Bad Schwartau – Es war ein Lehrabend der etwas anderen Sorte am Montagabend in der Bad Schwartauer Mensa. Über 200 Schiedsrichter aus dem Kreis Lübeck warteten gespannt auf den „Star des Abends“. Schiri-Boss Boris Hoffmann (rechts im Bild) bot seinem großen Team etwas ganz Besonderes: FIFA- und Bundesliga Referee Tobias Stieler (Foto links) referierte eine Stunde vor den gespannten Augen und Ohren der Nachwuchs- und auch erfahrenen Unparteiischen.

Der 33-Jährige Wahl-Hamburger zeigte sich von einer Seite, die man so in den Spielen, die er leitet von einer ganz persönlichen Seite. Unter dem Motto „Entscheidungen treffen – mit Druck umgehen“ war sein Vortrag ein voller Erfolg.

Stieler sprach von seiner Arbeit als Schiedsrichter, so wie er mit seinen anderen Bundesliga-Kollegen genannt wird. Zwei Trainingslager pro Jahr, 34 Spieltage, DFB-Pokalspiele, Internationale Begegnungen, Video-Portale studieren und Vorträge halten – das ist sein Job neben dem Job. Der Saal, der bis auf den letzten Platz gefüllt war und es sogar noch einige Extra-Plätze hergezaubert werden mussten, staunte nicht schlecht, als er aus dem Nähkästchen von der „Show-Bühne“ Bundesliga plauderte. Ernste und lustige Themen behandelte er dabei und bezog sein Publikum immer wieder mit ein. Einen Lieblingsverein hat der angehende Sport-Psychologe nicht, aber ein paar interessante Geschichten aus seiner bisherigen Schiedsrichter-Karriere brachte er nach Bad Schwartau mit.

„Ich spreche mit den Spielen ganz normal, und ab und zu muss auch mal ein Witz dabei übrig sein“, verriet er und gab eine Sache mit Bayern-Star Philipp Lahm preis. „Er war mit meiner Entscheidung nicht zufrieden, dass ich ein Handspiel von ihm pfiff und fragte mich: Soll ich mir die Hand abhacken? Ich erwiderte: Das sieht doch auch scheiße aus, oder?“ Der 40-fache Bundesliga-Schiedsrichter berichtete, dass selbst Lahm das schmunzelnd aufnahm und grinsend wieder wegging. Die Lübecker feierten Stieler dafür und kamen aus dem Lachen nicht heraus. Es gab auch ernste Themen, die den Druck der Unparteiischen aufzeigte.

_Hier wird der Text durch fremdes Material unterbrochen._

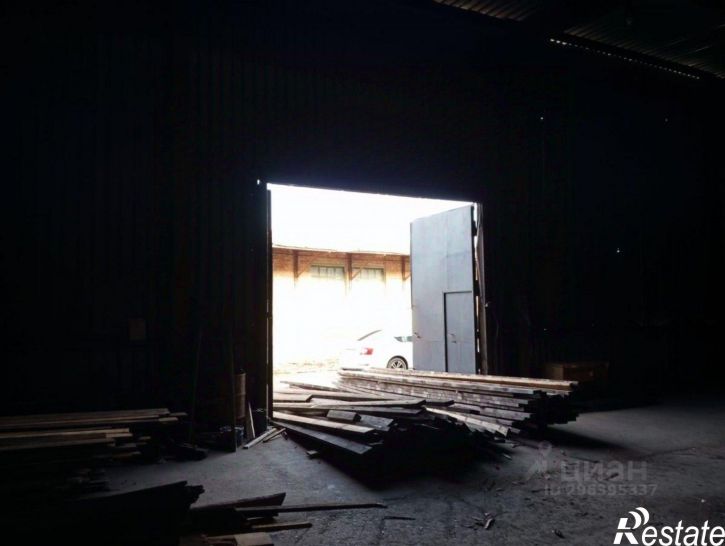 Склад ул Промышленная, 8а,  д. 8а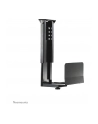NEWSTAR CPU-D200BLACK PC desk mount is a mount to install a desktop PC underneath a desk - nr 4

Zum Beispiel zeigte er andersherum auf, wie sehr ein Verein von einem Bundesliga-Abstieg betroffen wäre. Studien aus den vergangenen Jahren zeigen, dass diese Wirtschaftlichen Auswirkungen die Clubs hart treffen. Auch die verpasste Qualifikation der Engländer zur Europameisterschaft 2008 brachte eine unvorstellbare Fehlsumme zum Vorschein: 1 Milliarde Euro kostete dieses Malheur das Mutterland des Fußballs. Der Saal verstummte, doch Stieler schaffte es seine „Kollegen“ aufzubauen und stellte strittige Video-Szenen aus hochklassigen Partien zur Diskussion dar.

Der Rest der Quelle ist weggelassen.